Le jeune est acteur de l’action de tutorat solidaire. Le dispositif n’est pas une aide financière. Les jeunes bénéficiaires assument le coût des frais de carburant et sont ainsi pleinement acteurs de ce dispositif. Ils assurent l’organisation de leurs séances de conduite supervisée avec leur tuteur, permettant ainsi un développement de l’autonomie. Sans l’action de tutorat solidaire, certains jeunes n’auraient pas pu poursuivre la formation au permis de conduire en raison de difficultés pratiques importantes nécessitant une formation longue et onéreuse. Le tutorat solidaire apparaît donc comme une solution économique et a ainsi évité des abandons de formation ou l’apparition de difficultés financières pour ces jeunes. 
L’accès à la conduite supervisée permet également à ces jeunes d’obtenir leur permis de conduire avec une expérience de conducteur plus conséquente, et représente ainsi un réel enjeu de sécurité routière.

Le travail de réflexion autour de la mise en œuvre de cette action a permis un rapprochement entre des partenaires intervenant sur les questions de mobilité.

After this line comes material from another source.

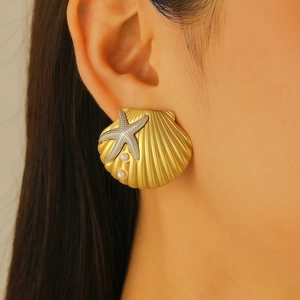 Close-up of a model wearing a gold shell and starfish earring with a pearl accent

Il a ainsi offert la possibilité de développer des relations de proximité, et donc une meilleure collaboration entre des associations du territoire et le CCAS d’Angers autour de ces questions.Il permet aussi de proposer aux auto-écoles marchandes une solution pour les parcours de formation difficiles, et développe ainsi leur collaboration avec le CCAS d’Angers : les établissements ont en effet accueilli ce dispositif de manière positive, car il représente pour eux un outil de formation complémentaire. 

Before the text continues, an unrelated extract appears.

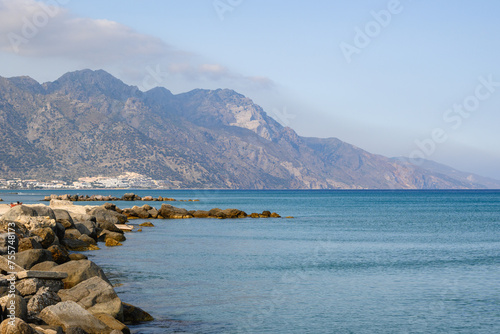 Rocky coast on the beach in Kardamena resort. Kos island, Greece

Les jeunes bénéficiaires du tutorat expriment partager une expérience humaine forte avec leur tuteur, qui les accompagne à hauteur de 3 heures par semaine en moyenne, pendant 3 mois, soit un accompagnement intense et régulier, support au développement d’une relation jeune/retraité. Les jeunes sont issus pour la plupart de milieux modestes et de quartiers prioritaires de la Ville, et n’avaient pas eu pour certains l’occasion de sortir de leur quartier d’origine ou de la Ville. Le tutorat solidaire leur permet de dépasser leurs frontières, sociales et géographiques.Ainsi, au delà du parrainage en conduite, s’installe spontanément un parrainage plus global : échanges autour du projet professionnel, mise en relation avec des employeurs, rencontres culturelles en dehors des temps de tutorat... La relation régulière qui se tisse entre ces personnes issues de milieux sociaux différents entraîne une évolution du positionnement des jeunes (le mode d’expression, l’attitude, évoluent chez certains), avec des effets positifs pour l’insertion sociale et professionnelle.
Se développent également des liens entre les tuteurs, des échanges de pratique, la volonté de se former pour accomplir au mieux leur mission de tuteur… Cette action leur permet de contribuer à une action valorisante et stimulante, de s’impliquer humainement au cours de leur retraite et de conserver une utilité sociale.